Seketika aku membisu mendengar ucapan Erwin dan menoleh ke arahnya dengan dua alis yang terangkat.
“Aku ... malu, Win. Nanti dikira cinta monyet, cinta bohongan, anak ingusan udah main pacar-pacaran. Apa kata orang yang ngelihat, apalagi kalau mamaku sampai tahu?” Aku mengatakannya masih dengan nada yang pelan.
Erwin langsung tertawa mendengar ucapanku. Jujur aku memang bukan tipe pria masa kini yang tidak tabu mengenal cinta saat usia dini. Entahlah mengapa aku begitu konvesional seperti ini. Aku menganggap aku belum pantas untuk merasakan itu semua. Aku masih kecil dan seharusnya kerjaku hanya belajar bukan mengenal cinta apalagi pacaran.
Sayangnya cupid sudah memanahku saat aku masih terlalu muda dan parahnya lagi pujaan hatiku itu gadis yang duduk di depanku.
“Gak papa, Dit. Kalau aku jadi kamu, aku pasti akan bilang. Terserah anggapan orang apa, yang penting aku sudah mengutarakan perasaanku.”
Aku terdiam, jakunku naik turun sibuk menelan saliva.

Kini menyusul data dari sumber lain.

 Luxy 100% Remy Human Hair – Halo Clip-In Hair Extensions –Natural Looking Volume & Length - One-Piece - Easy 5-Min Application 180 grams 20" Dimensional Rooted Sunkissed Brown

“Lalu kalau dia menolakku gimana?”
“Resiko. Masa cowok gak berani nyatain cinta karena takut ditolak?”
Ucapan Erwin bagai tamparan bagiku. Aku seorang pria meski umurku belum genap lima belas. Namun, aku juga punya harga diri dan rasanya malu kalau dikatakan penakut apalagi pengecut.
“Apa perlu aku bantu?”
Spontan aku menoleh ke arah Erwin. Erwin tersenyum sambil menganggukkan kepala.
“Aku bantuin biar kamu bisa mengatakan perasaanmu padanya.” Erwin kembali berbisik di telingaku.
Aku terdiam lagi. Sedikit ragu, gugup dan juga tidak yakin kembali menyesak di dadaku.
“Gimana? Mau?” Erwin kembali bertanya dan bodohnya kepalaku dengan spontan mengangguk begitu saja menjawab pertanyaan Erwin. Lalu apa yang harus aku katakan saat berhadapan dengan Ranti nanti?